The topology of the bandgap structure from periodic systems has attracted much attention in recent years. The topological phase transition of the bandgap structure can be explained by the evolution of topological singularity. Physically, the zero-scattering property [21] and the phase vortex point of the reflection coefficient in parameter space [22,33] are the signs of topological singularity. If we can construct a periodic system (crystal structure) by the unit cell that is the same as the near-zero frequency resonator discussed above, can we find new topological phenomena in such systems? Even more, can we go beyond zero frequency and find new topologies for the bandgap structure? Next, we will show that new phenomena and special topology are found for such periodic systems with near-zero frequency singularity.

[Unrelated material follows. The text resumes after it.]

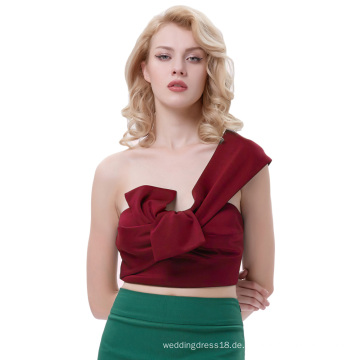 Belle Poque Sexy Womens Asymmetrische Eine Schulter Große Bow-Tie Verziert Geerntete Wein Red Tops BP000343-2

First, a periodic system is constructed by the unit cell, which is shown in Fig. 4. Now, we set the distance $\mathrm{\Delta}$ from the center of the stub to the center of layer-A as a free parameter, also called the “synthetic dimension” for topological study. So, the phase and the amplitude of reflection coefficient $r$ of half-infinite periodic model can be analyzed at the two-dimensional parameter space $\{f,\mathrm{\Delta}/a\}$ [22,33], where $a$ is the lattice constant. Other parameters are set as ${d}_{a}={d}_{b}=1\text{\hspace{0.17em}}\mathrm{mm}$, ${l}_{s}=0.56\text{\hspace{0.17em}}\mathrm{mm}$, ${\epsilon}_{a}=4$, ${\epsilon}_{b}={\epsilon}_{s}=6.25$, ${\mu}_{a}={\mu}_{b}={\mu}_{s}=1$, and the lattice constant is $a=2\text{\hspace{0.17em}}\mathrm{mm}$. By using TMM, the diagrams of the phase of reflection coefficient $r$ and the reflection of a half-infinite periodic structure at $\{f,\mathrm{\Delta}/a\}$ space can be obtained. The results are shown in Fig. 5. The phase vortex point in the reflection phase map and the almost zero reflection can be clearly seen at the low-frequency resonant point with the conditions that we have discussed in previous sections. This point is a topological singularity that will be demonstrated later. The ratio of frequency ${f}_{s}$ of topological singularity to the frequency of the upper edge of the first band is about 1/12.95 and can be tuned to zero step by step. This is the first time to find a topological singularity near the bottom of the first photonic band that can be very close to zero frequency. According to the path integral formulation in Appendix A and the trajectory of singularity in Fig. 3, we can see that the near-zero frequency topological singularity could widely exist for periodic systems with the unit cell, which is composed of an FP cavity and a side-coupled or embedded subresonator.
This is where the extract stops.